Much of contemporary music’s experimentation is the direct result of developments of the preceding decades. Just as it’s impossible, at least in retrospect, to imagine or understand the work of such composers as Schoenberg without looking back to Wagner, we can understand the creations of John Cage and, in turn, Cage’s musical descendants, through exploring the ideas of Schoenberg, who was one of Cage’s most important teachers and inspirations.

Technology, and more specifically the expansive and heretofore unimaginable opportunities that computer technology provides, has had an incredible effect on contemporary music: for the first time ever, many musics from all cultures and many eras of human history are instantaneously accessible to a wide swath of the public to hear, engage with, and react to. Moreover, the palettes with which composers may articulate their artistic visions has expanded immeasurably as well, thanks to digital advances; many contemporary composers are as likely to include a laptop in their works as they are acoustic instruments.

In our era’s fractured and utterly diverse musical scene, some of the most warmly embraced works that have been especially popular not just with traditional classical audiences, but with a wider public as well, have come from three American composers: Philip Glass, Steve Reich, and John Adams. Often rather mistakenly lumped together as “minimalists” along with such colleagues as Terry Riley and La Monte Young, the work of Glass, Reich, and Adams have had huge reverberations in musical culture—and not just in classical music: for example, Steve Reich has been cited as an inspiration by the influential rock band Sonic Youth.

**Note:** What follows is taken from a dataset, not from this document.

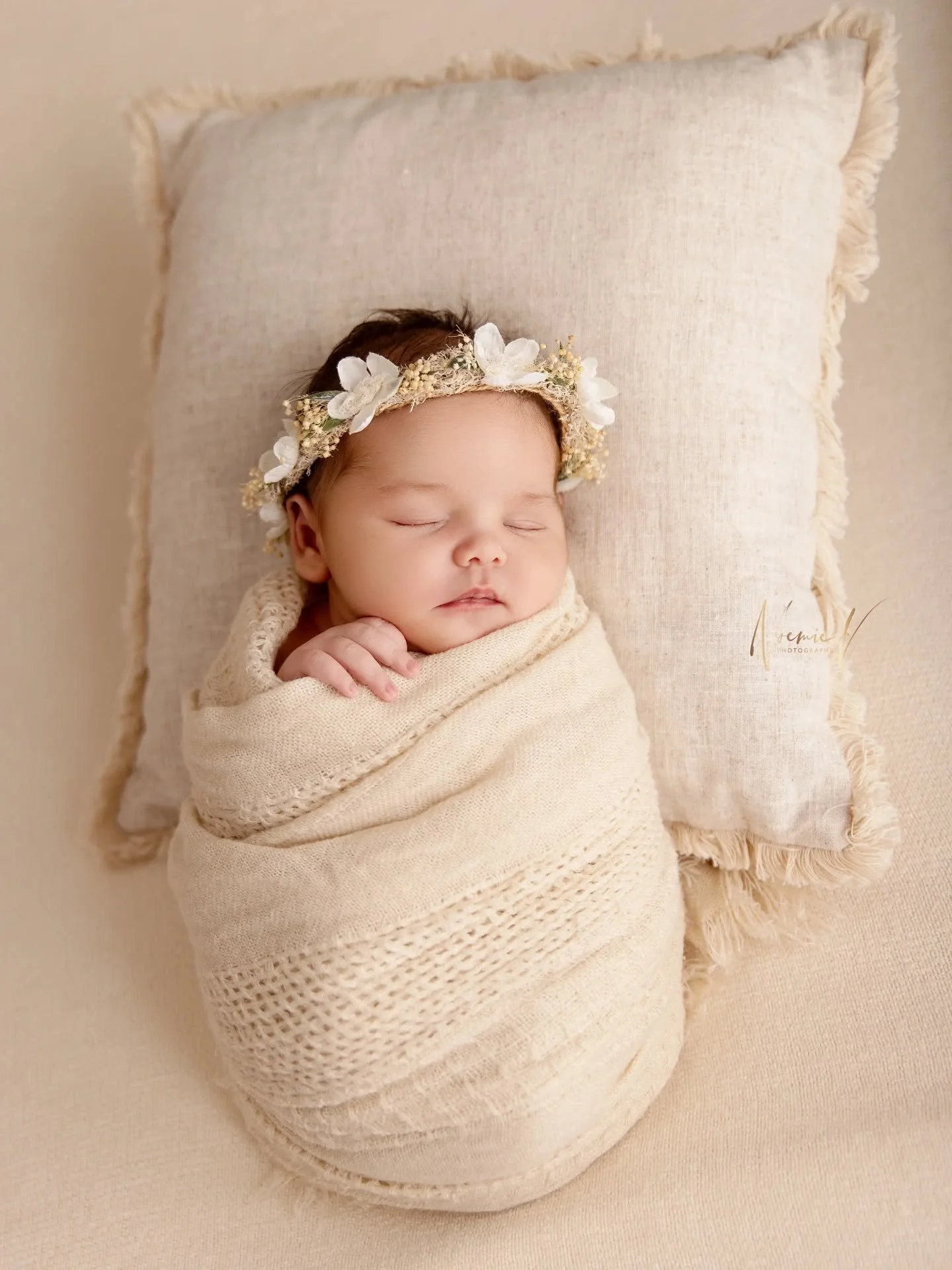 Love love love ❤️
.
#newbornphotographersydney #bestnewbornphotographersydney #maternityphotographysydney #sydneyfamilyphotographer #sydneynewbornphotographer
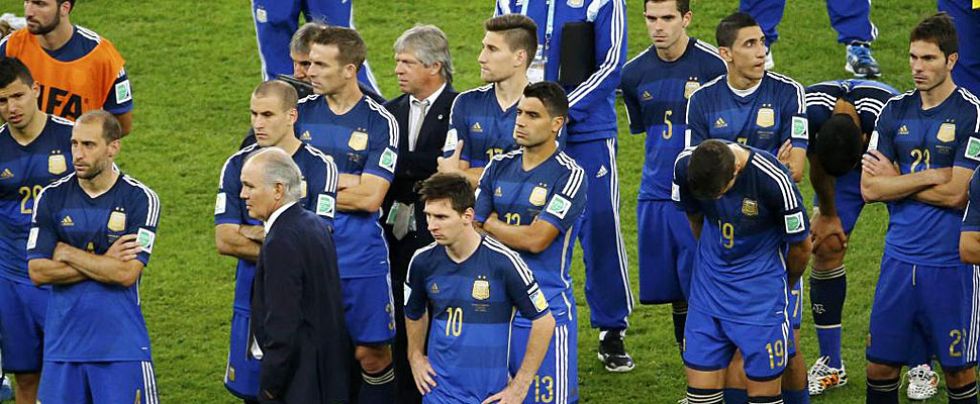 La plantilla albiceleste, resignada sobre el c�sped de Maracan�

Other composers have cultivated sounds whose roots stem not in the Western European art music tradition, but look instead to other sources: composer Osvaldo Golijov, for example, draws upon rich sonic inspirations that range from Schubert to Argentine tango to the music of the Middle East. Regardless of their respective aesthetic preferences, however, what composers of our day share is a restless desire to engage and grapple with the realities of our world today, in all of its complexities. Through such innovation, classical music continues to be a living and vital art form that speaks to all of us in fresh, exciting ways.